Recently, the Allen Institute for Artificial Intelligence (AI2) announced an update to its open language model OLMo 1.7-7B, which has 7 billion parameters. In this update, the AI system has adopted a more extensive and diverse Dolma dataset and made improvements to the training process.


The OLMo model was first released in February this year and is hailed as "a truly open-source, technologically advanced large-scale language model." Its complete framework includes pre-training data, training code, model weights, and evaluation, providing researchers with rich resources.

From Dolma 1.5 to 1.7

This update enables OLMo 1.7-7B to support longer context lengths, expanding from the original 2048 tokens to 4096 tokens. Additionally, due to improvements in the training process and architecture, its performance has significantly improved. In terms of the dataset, AI2 has developed Dolma 1.7, which contains 23 trillion tokens from multiple channels, covering Dolma CC, Refined Web Pages, StarCoder, C4, Stack Exchange, OpenWebMath, Project Gutenberg, Wikipedia, and other domains.
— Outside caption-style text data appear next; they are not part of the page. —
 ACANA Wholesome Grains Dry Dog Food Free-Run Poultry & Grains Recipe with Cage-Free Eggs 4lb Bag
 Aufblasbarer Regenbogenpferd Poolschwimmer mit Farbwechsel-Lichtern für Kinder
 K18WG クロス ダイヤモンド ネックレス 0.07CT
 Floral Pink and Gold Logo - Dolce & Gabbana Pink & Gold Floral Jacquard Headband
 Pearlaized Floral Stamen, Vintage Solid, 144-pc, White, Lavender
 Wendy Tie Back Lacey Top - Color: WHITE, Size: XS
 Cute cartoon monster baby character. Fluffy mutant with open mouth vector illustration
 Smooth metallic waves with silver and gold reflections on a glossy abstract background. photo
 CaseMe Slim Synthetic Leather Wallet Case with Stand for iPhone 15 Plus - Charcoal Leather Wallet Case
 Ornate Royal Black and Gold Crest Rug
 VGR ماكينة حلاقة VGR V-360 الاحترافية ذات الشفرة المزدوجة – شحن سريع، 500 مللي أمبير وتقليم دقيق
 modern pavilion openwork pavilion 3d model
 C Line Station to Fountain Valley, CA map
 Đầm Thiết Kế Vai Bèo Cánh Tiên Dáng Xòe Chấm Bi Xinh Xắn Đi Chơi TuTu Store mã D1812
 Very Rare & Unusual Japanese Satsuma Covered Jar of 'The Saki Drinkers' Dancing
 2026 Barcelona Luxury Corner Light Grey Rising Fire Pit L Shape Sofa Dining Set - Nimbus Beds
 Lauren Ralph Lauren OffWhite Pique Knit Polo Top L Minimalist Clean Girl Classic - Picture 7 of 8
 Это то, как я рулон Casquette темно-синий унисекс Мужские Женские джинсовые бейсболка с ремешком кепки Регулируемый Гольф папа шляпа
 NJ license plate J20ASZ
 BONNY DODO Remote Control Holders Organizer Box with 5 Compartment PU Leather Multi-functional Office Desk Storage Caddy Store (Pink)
Compared to the previous Dolma 1.5, the new version has a more diverse data source, aiming to better handle tasks that require professional knowledge, complex reasoning, and coding. Furthermore, Dolma 1.7 provides a more powerful deduplication function, effectively removing entire documents with paragraph-level duplicate scores exceeding the threshold α by calculating the length-normalized average.

Dolma 1.7 has also been optimized in terms of quality filtering. By utilizing the FastText classifier, the system can distinguish between high-quality and low-quality text. High-quality text is usually well-formatted and covers multiple useful domains required for language model training, such as Wikipedia, small-scale Web RSS feeds, and Semantic Scholar. On the other hand, low-quality text mainly includes adult entertainment and fake news websites. It is reported that the classifier was trained on approximately 25GB of data, ensuring its accuracy and reliability.

In terms of the training process, OLMo 1.7 adopts a brand-new two-stage curriculum. In the first stage, researchers train the model from scratch to ensure the stability of its foundational performance. In the second stage, the model utilizes a filtered subset of Dolma 1.7 for further training, involving an additional 500 billion tokens. Meanwhile, during the training process, the learning rate gradually decreases to 0 to optimize the model's performance.

AI2 states that with these updates, OLMo 1.7-7B has surpassed Llama 2-7B in the MMLU task and outperforms Llama-2-13B in the GSM8K task.

It is worth mentioning that the updated OLMo model is licensed under Apache 2.0, while Dolma 1.7 is licensed under ODC-BY. Currently, both products have been released on the Hugging Face platform for researchers and developers to use.